▶ **Work required**: All entries are to be printed again exactly, with their images omitted.

### Records for this exercise

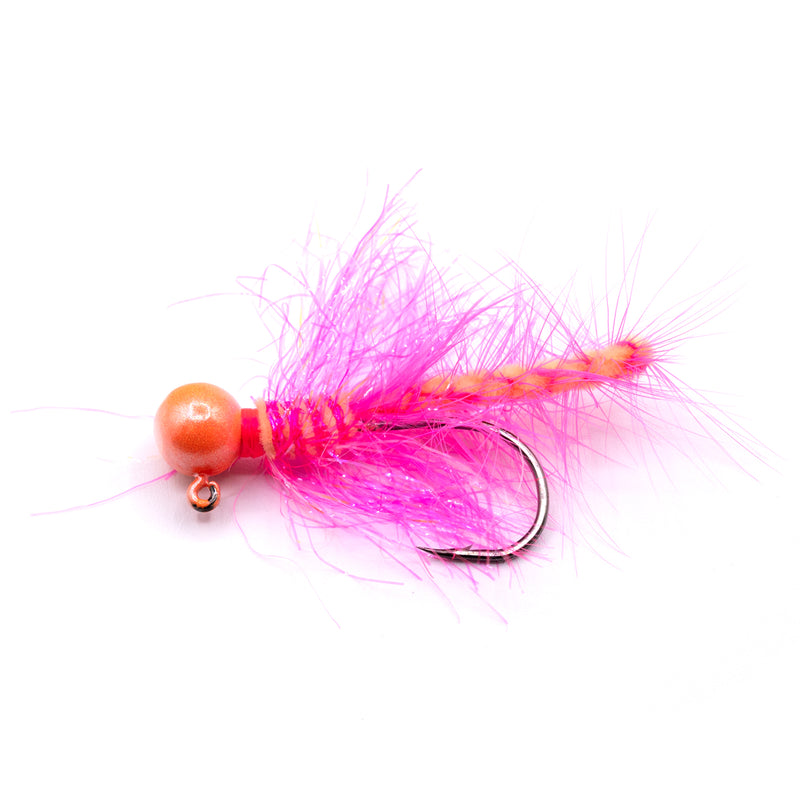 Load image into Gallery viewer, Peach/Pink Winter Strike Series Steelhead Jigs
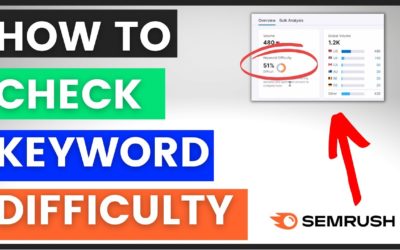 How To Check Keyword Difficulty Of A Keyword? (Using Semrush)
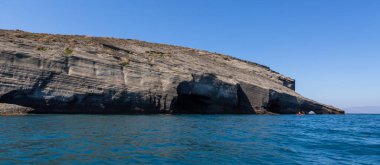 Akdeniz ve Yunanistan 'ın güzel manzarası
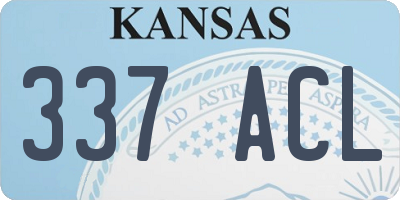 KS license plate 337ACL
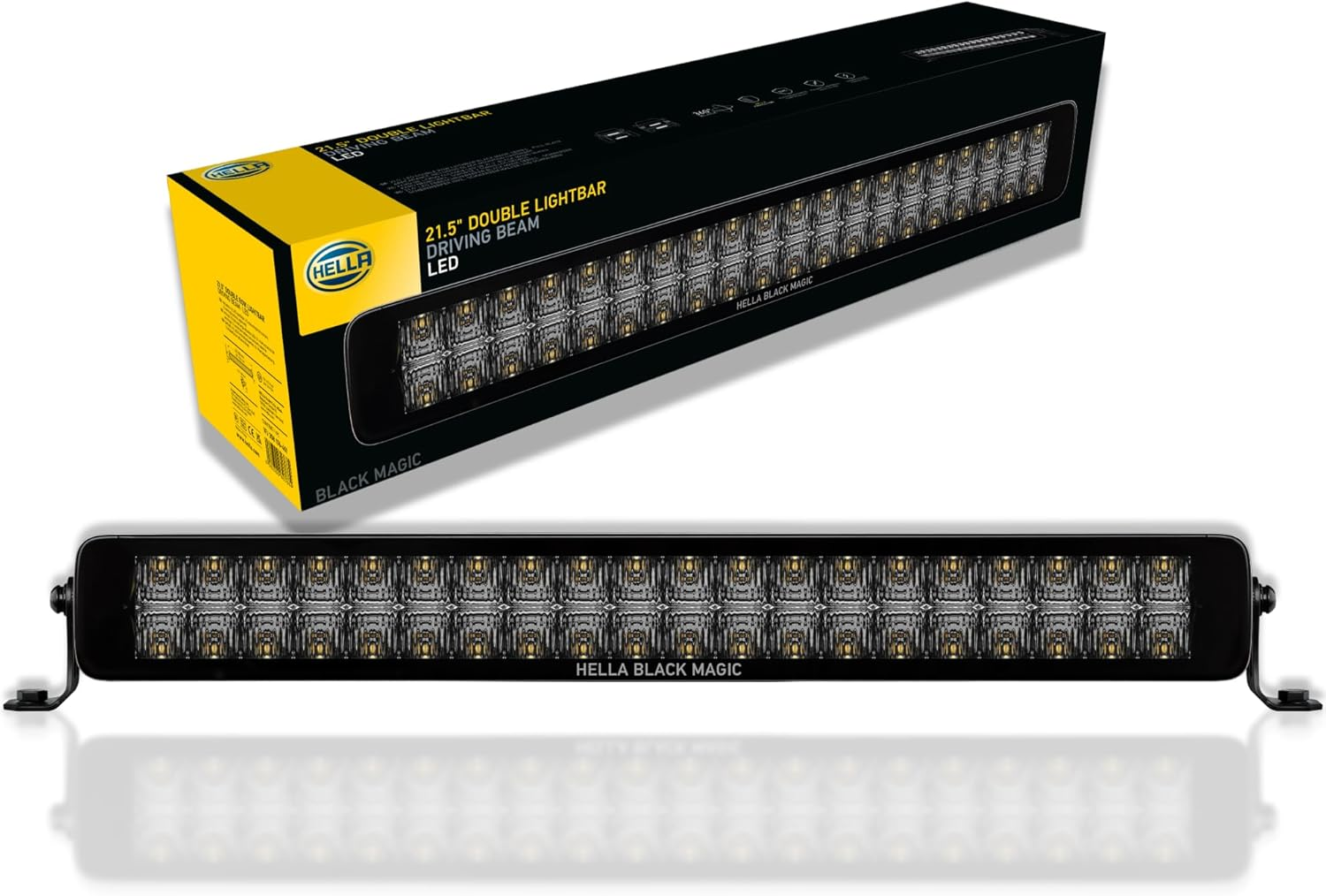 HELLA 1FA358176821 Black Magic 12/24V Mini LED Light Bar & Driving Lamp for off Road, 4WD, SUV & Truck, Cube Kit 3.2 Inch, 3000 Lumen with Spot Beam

######

▶ **Response**:
 Load image into Gallery viewer, Peach/Pink Winter Strike Series Steelhead Jigs
 How To Check Keyword Difficulty Of A Keyword? (Using Semrush)
 Akdeniz ve Yunanistan 'ın güzel manzarası
 KS license plate 337ACL
 HELLA 1FA358176821 Black Magic 12/24V Mini LED Light Bar & Driving Lamp for off Road, 4WD, SUV & Truck, Cube Kit 3.2 Inch, 3000 Lumen with Spot Beam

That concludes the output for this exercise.